# Northstar in 93-97 altima/95+sentra



## mcf1000x2003 (Dec 8, 2005)

I seen a northstar motor in a 200SX a while back and I was wondering has anyone on here done it cause i was thinking about it.I have a 300hp northstar engine/tranny already from a 95 STS.The tranny is already fwd so i cant really see it being really hard.


----------



## jetsam (Feb 7, 2004)

Wouldn't it be substantially cheaper to buy a fiero?


----------



## psuLemon (Apr 23, 2003)

anything can really be done, just needs to take a lot of money and custom fabrication.
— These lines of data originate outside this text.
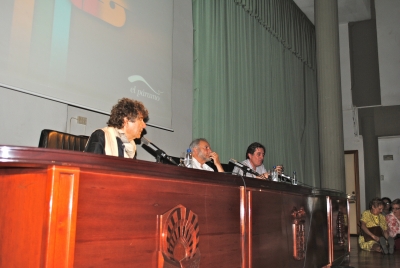 Jesús Quintero, Julio Anguita y Luis García Montero durante la presentación del libro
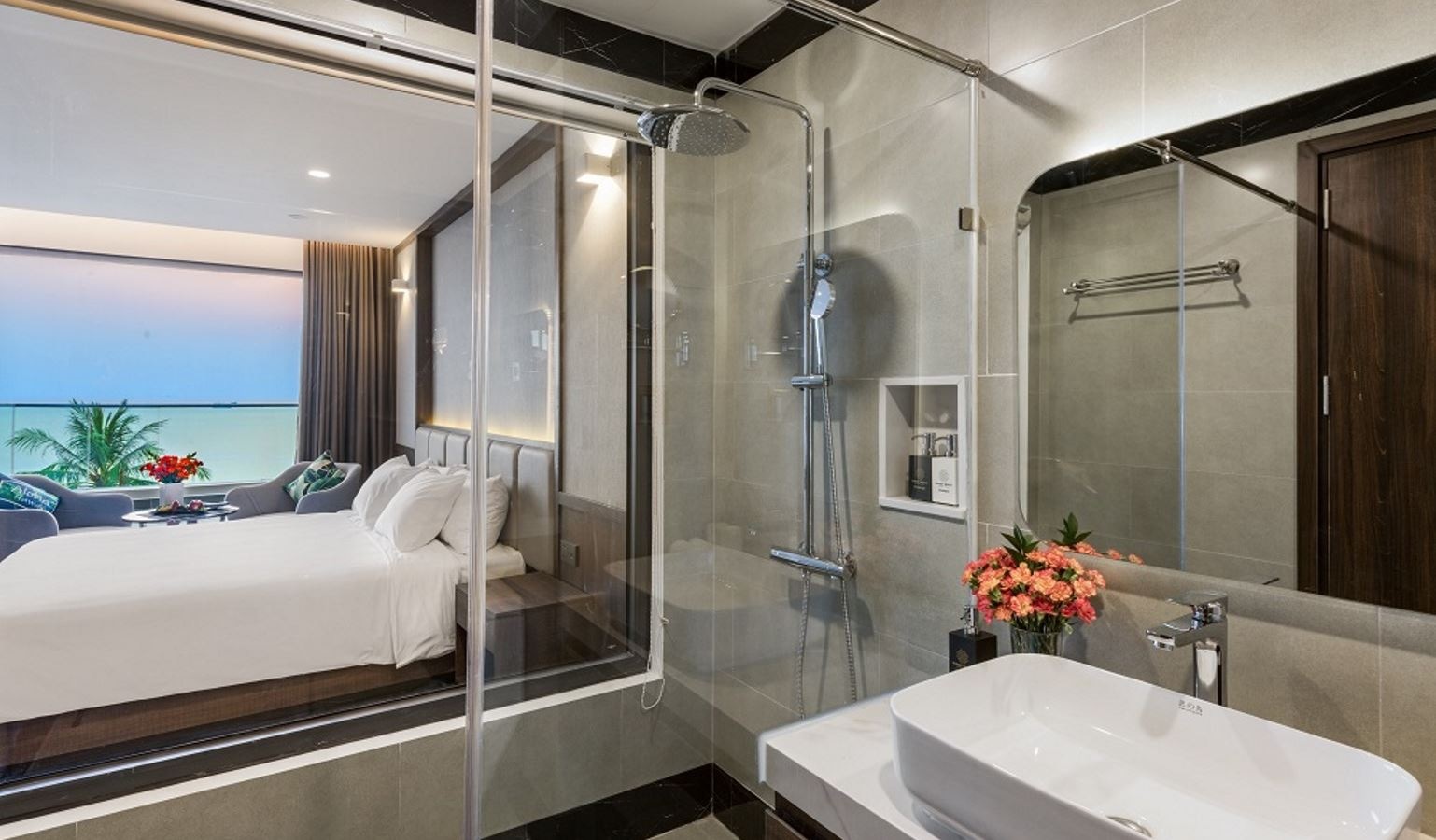 rooms-deluxe-ocean-panorama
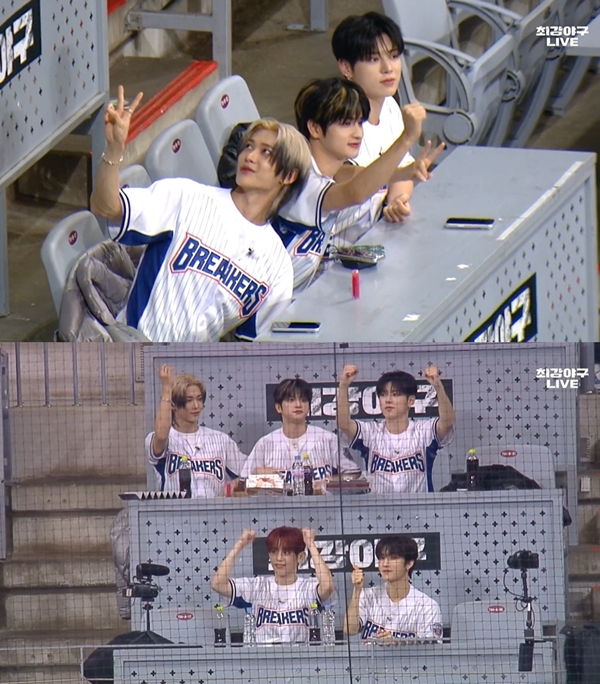 ▲ 16일 방송된 JTBC '최강야구' 중계 화면에 잡힌 나우즈 멤버들. 방송화면 캡처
If you really need to ask us, then you dont really have either.


----------



## ICP Sux0rZ! (Jan 10, 2005)

why would u put the northstar in your car? yes its a powerful motor, but its a PITA to work on, i personally think its better suited living in a sandrail :thumbup: but hey if you wanna try then more power to you


----------



## mcf1000x2003 (Dec 8, 2005)

it was just a thought.I still got the motor/tranny and ive had a few offers already for $3k for both so i think i will sell and go turbo.The engine usually cost $3k alone used.


----------



## ICP Sux0rZ! (Jan 10, 2005)

mcf1000x2003 said:


> it was just a thought.I still got the motor/tranny and ive had a few offers already for $3k for both so i think i will sell and go turbo.The engine usually cost $3k alone used.


i can get a viper v-10 for 3k that doesn't mean i'm going to and put it in my Z althought that would be quite fun


----------



## mcf1000x2003 (Dec 8, 2005)

i already got the motor from my old STS that i ended up selling thats why i was thinking about it.And the northstar is more lighter in weight than pretty much any v8 but i would not be able to do anything to it like turbo because of fitment issues.So i guess let the flaming begin for me beginning a forthless thread.


----------



## asleepz (Feb 24, 2004)

ICP Sux0rZ! said:


> i can get a viper v-10 for 3k that doesn't mean i'm going to and put it in my Z althought that would be quite fun


That's cheap enough I'd buy one just to hang it from the ceiling in the garage.


----------



## qr25madness (May 1, 2005)

I saw a post on vwvortex a while back, about a mk2 golf (86-91?) with a northstar wrestled into the engine bay. I guess it was kinda cool...in a straight line. VR6 Mk2 golfs (or rabbits) already have massive understeer issues due to the weight of the engine. Imagine with a V8.
So... a V8 sentra or altima? not for me anyway. 
Maybe a twin turbo twin V8...mmhh...


----------



## JustaSolVTEC (Jan 9, 2006)

qr25madness said:


> I saw a post on vwvortex a while back, about a mk2 golf (86-91?) with a northstar wrestled into the engine bay. I guess it was kinda cool...in a straight line. VR6 Mk2 golfs (or rabbits) already have massive understeer issues due to the weight of the engine. Imagine with a V8.
> So... a V8 sentra or altima? not for me anyway.
> Maybe a twin turbo twin V8...mmhh...


that whole car was cut in half down the middle and extended 6" in width just to get the motor in there. either way, it's just not a logical decision simply because you'd save weight issues by building and turboing a stock motor. you'd also make more power.


----------